Using the W-Drive-Extractor

Getting Started

W-Drive Extractor has some external dependencies, which can be installed via pip. It is recommended that you use a virtualenv to manage these.

The W-Drive-Extractor is an object-oriented application. In order to use it, you must first extract data from its original source using an Extractor’s extract method (the ExcelExtractor is currently the only supported example). Once the data is extracted, it can then be loaded back into some other datasource using a Loader’s load method. (only PostgresLoader has been implemented thus far). For a more detailed example on how this works, check out the sample usage at the bottom of this file.

TODO Features:

  • Add cli support
  • Change loader and extractor methods to use kwargs
  • Add better exception messaging for the load and extract methods

Developing W-Drive-Extractor

To get started with development, see the getting started section above.

Extractors

The Extractor base class is an interface for implementing data extraction from different sources. It requires taking in a target which can be a file or URL and two optional params.
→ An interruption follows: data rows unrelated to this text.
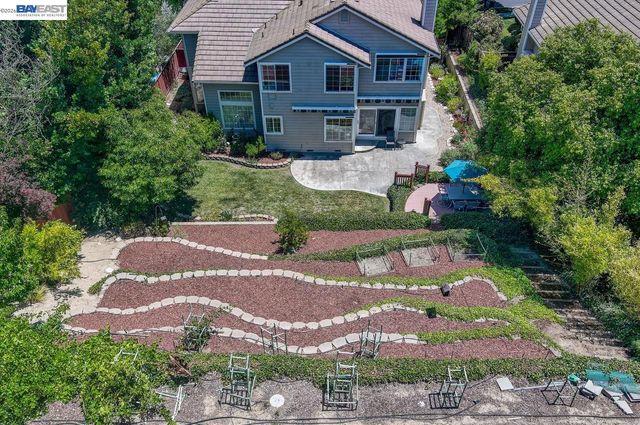 620 Amberwood Way, Livermore, CA 94551
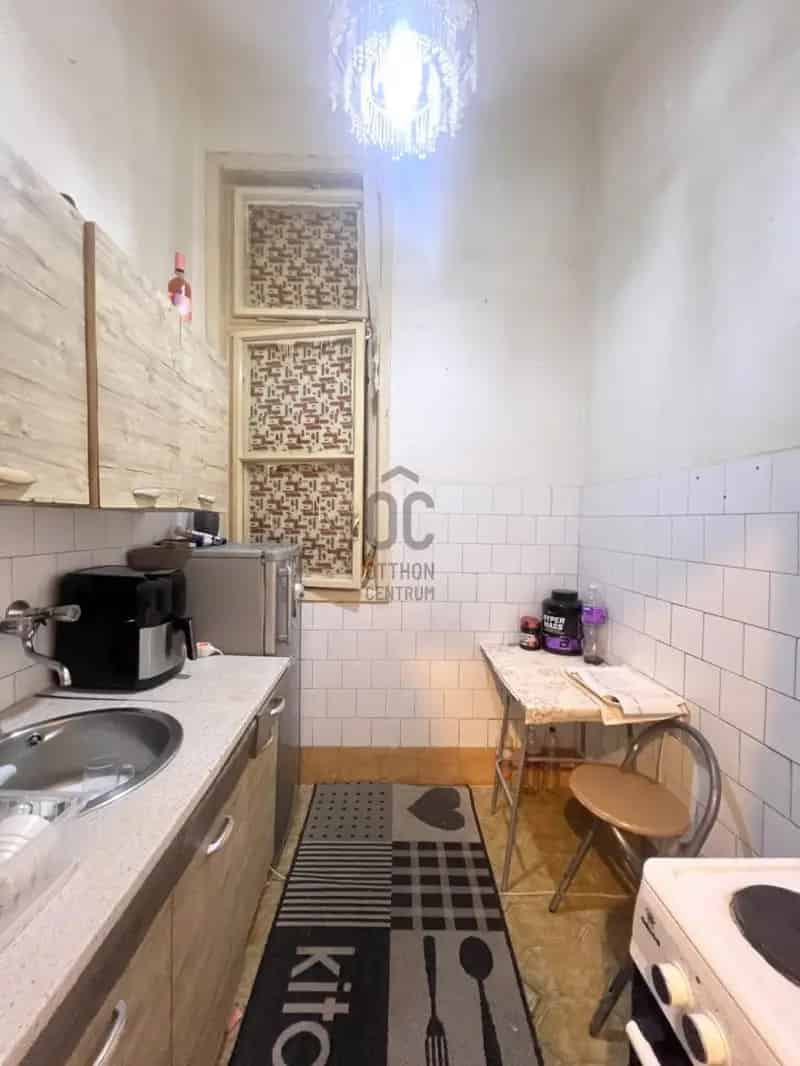 Lakás Kiadó , Budapest, Közép-Magyarország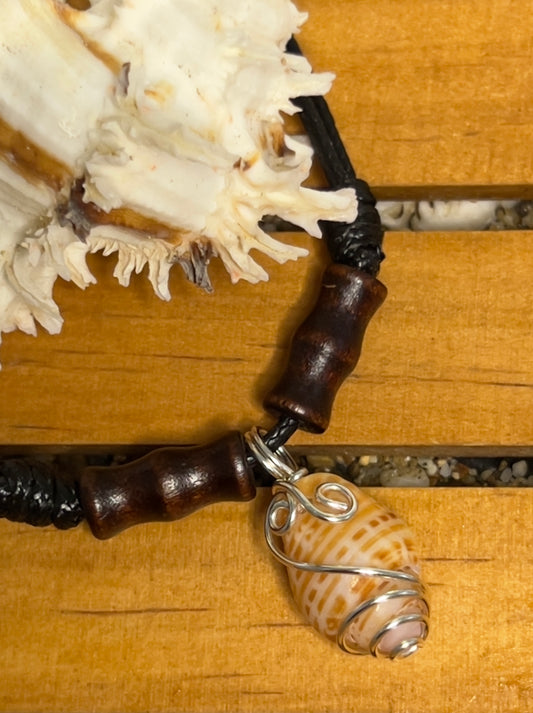 Collar Artesanal con Medallita de Caracol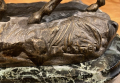 
													Sculpture bronze "Combat de cerfs" sur socle marbre
												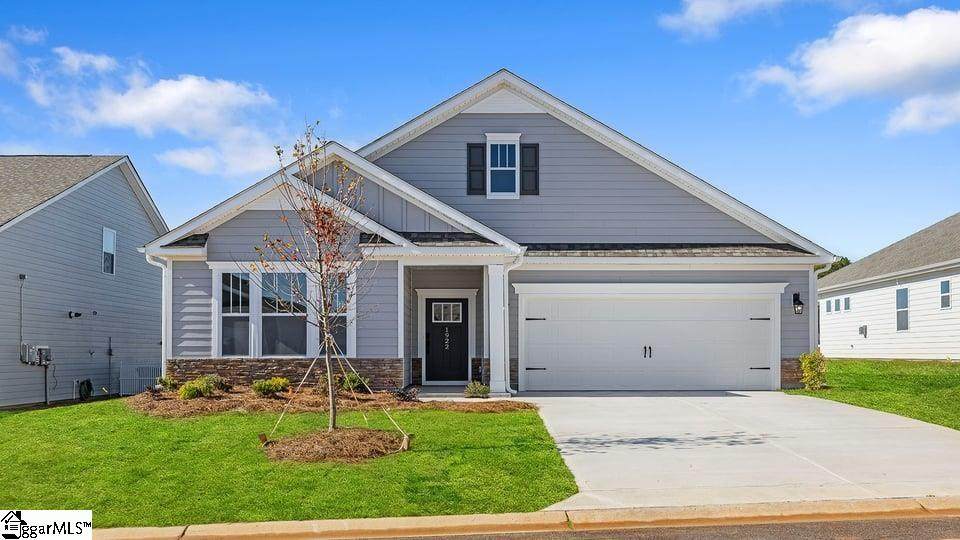 1922 Crumhorn Avenue - Photo 1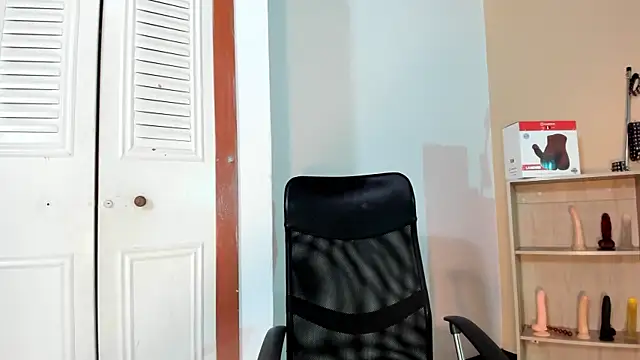 Snapshot of Violetta_0 chatting on October 28, 2025, 1:10 pm Violetta 0 online show from October 28, 2025, 1:10 pm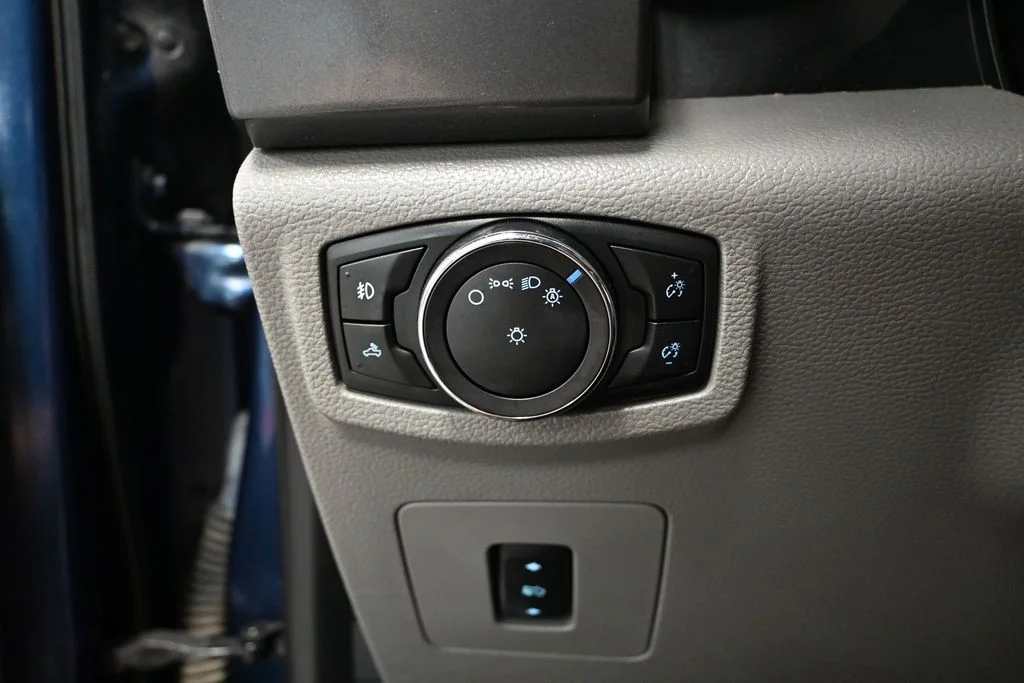 Used 2016 Blue Ford XLT image 34
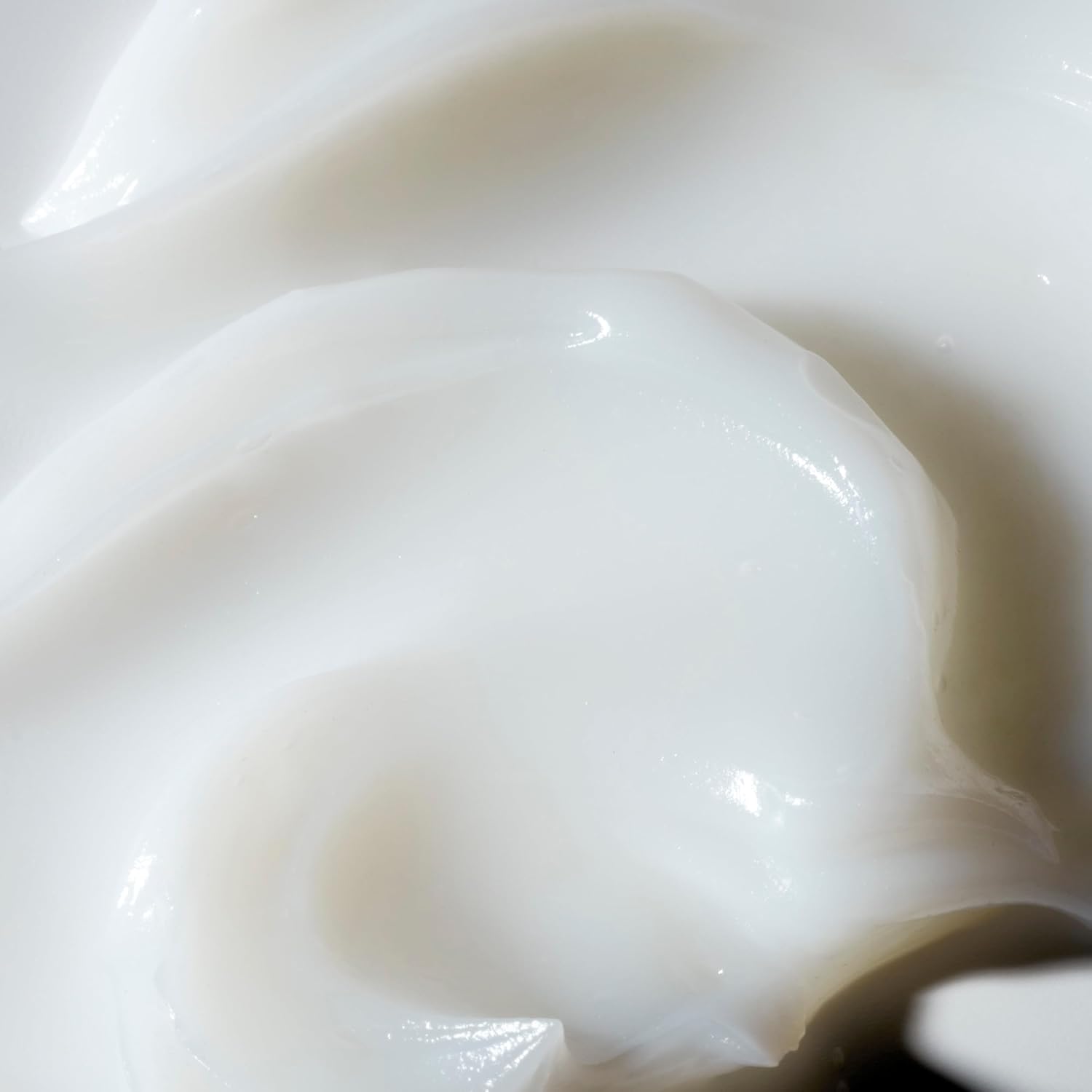 philosophy anti-wrinkle miracle worker line-correcting face primer - with vitamin C & coconut oil - fills in lines and smooths skin for even makeup application - 0.9 fl oz - Image 4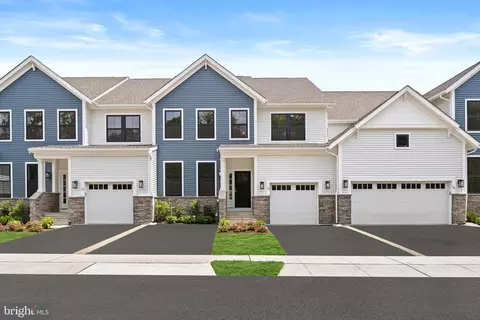 37 Kay Chiarello Way, Hamilton, NJ 08690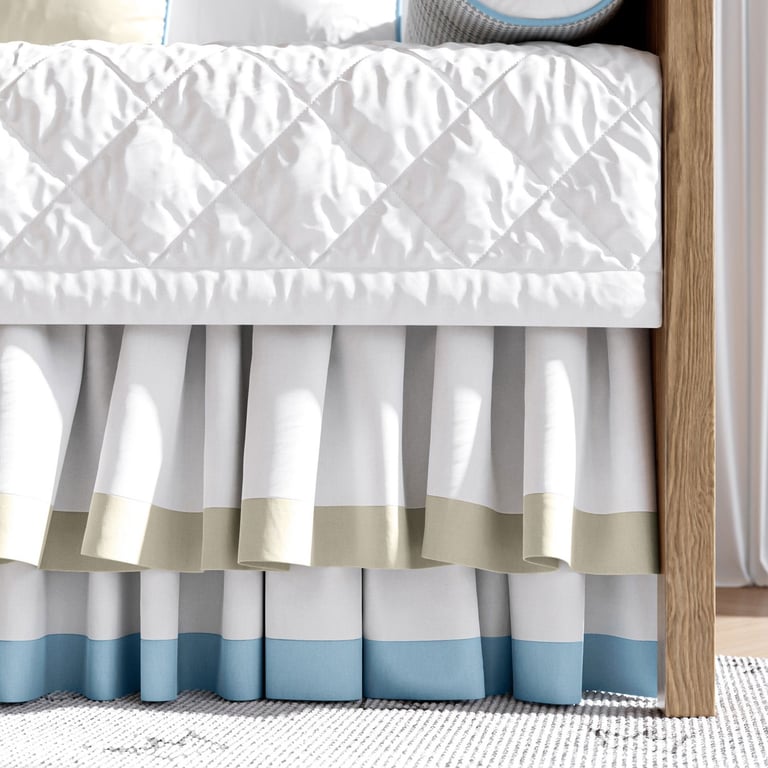 Saia de Cama Babá Babado Duplo Bege e Azul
Headers is the title of the columns that will ultimately be extracted from your store, and dtypes is a list of native python types that each column should have.

Current Implementations:
  • Excel (.xls, .xlsx)
  • Comma-Separated Values (.csv)
TODO implementations:
  • Generic Text Files (.txt)
  • Postgres
  • MS Access

Loaders

The Loader base class is an interface for implementing data loading into new sources. It requires connection parameters (a python dictionary of connection params) and optional schema. The goal is for a single input source (spreadsheet, denormalized table, etc.) to be split into many tables.

Current Implementations:
  • Postgres [with relationships and simple deduplication!]
TODO Implementations:
  • Simple key/value cache (Memcached/Redis)
  • Other relational data stores

Tests

Tests are located in the test directory. To run the tests, run

PYTHONPATH=. nosetests test/

from inside the root directory. For more coverage information, run

PYTHONPATH=. nosetests test/ -vs --with-coverage --cover-package=wextractor --cover-erase

Sample Usage

Below is an example of extracting data from Excel and loading it into a local postgres database with defined relationships. NOTE: This implementation is still fragile and likely to be dependent on the fact that to_relations is the last table in the list below.

import datetime

from wextractor.extractors import ExcelExtractor
from wextractor.loaders import PostgresLoader

one_sheet = ExcelExtractor(
    'files/one sheet contract list.xlsx',
    dtypes=[
        unicode, unicode, unicode, int, unicode,
        unicode, datetime.datetime, int, unicode, unicode,
        unicode, unicode, unicode, unicode, unicode,
        unicode, unicode, unicode, unicode
    ]
)
data = one_sheet.extract()

loader = PostgresLoader(
    {'database': 'w_drive', 'user': 'bensmithgall', 'host': 'localhost'},
    [{
        'table_name': 'contract',
        'to_relations': [],
        'from_relations': ['company'],
        'pkey': None,
        'columns': (
            ('description', 'TEXT'),
            ('notes', 'TEXT'),
            ('contract_number', 'VARCHAR(255)'),
            ('county', 'VARCHAR(255)'),
            ('type_of_contract', 'VARCHAR(255)'),
            ('pa', 'VARCHAR(255)'),
            ('expiration', 'TIMESTAMP'),
            ('spec_number', 'VARCHAR(255)'),
            ('controller_number', 'INTEGER'),
            ('commcode', 'INTEGER')
        )
    },
    {
        'table_name': 'company_contact',
        'to_relations': [],
        'from_relations': ['company'],
        'pkey': None,
        'columns': (
            ('contact_name', 'VARCHAR(255)'),
            ('address_1', 'VARCHAR(255)'),
            ('address_2', 'VARCHAR(255)'),
            ('phone_number', 'VARCHAR(255)'),
            ('email', 'VARCHAR(255)'),
            ('fax_number', 'VARCHAR(255)'),
            ('fin', 'VARCHAR(255)'),
        )
    },
    {
        'table_name': 'company',
        'to_relations': ['company_contact', 'contract'],
        'from_relations': [],
        'pkey': None,
        'columns': (
            ('company', 'VARCHAR(255)'),
            ('bus_type', 'VARCHAR(255)'),
        )
    }]
)

loader.load(data, True)
Release History

Release History

This version
History Node

0.1.a1

History Node

0.1.dev1

Download Files

Download Files

Download the file for your platform. If you're not sure which to choose, learn more about installing packages.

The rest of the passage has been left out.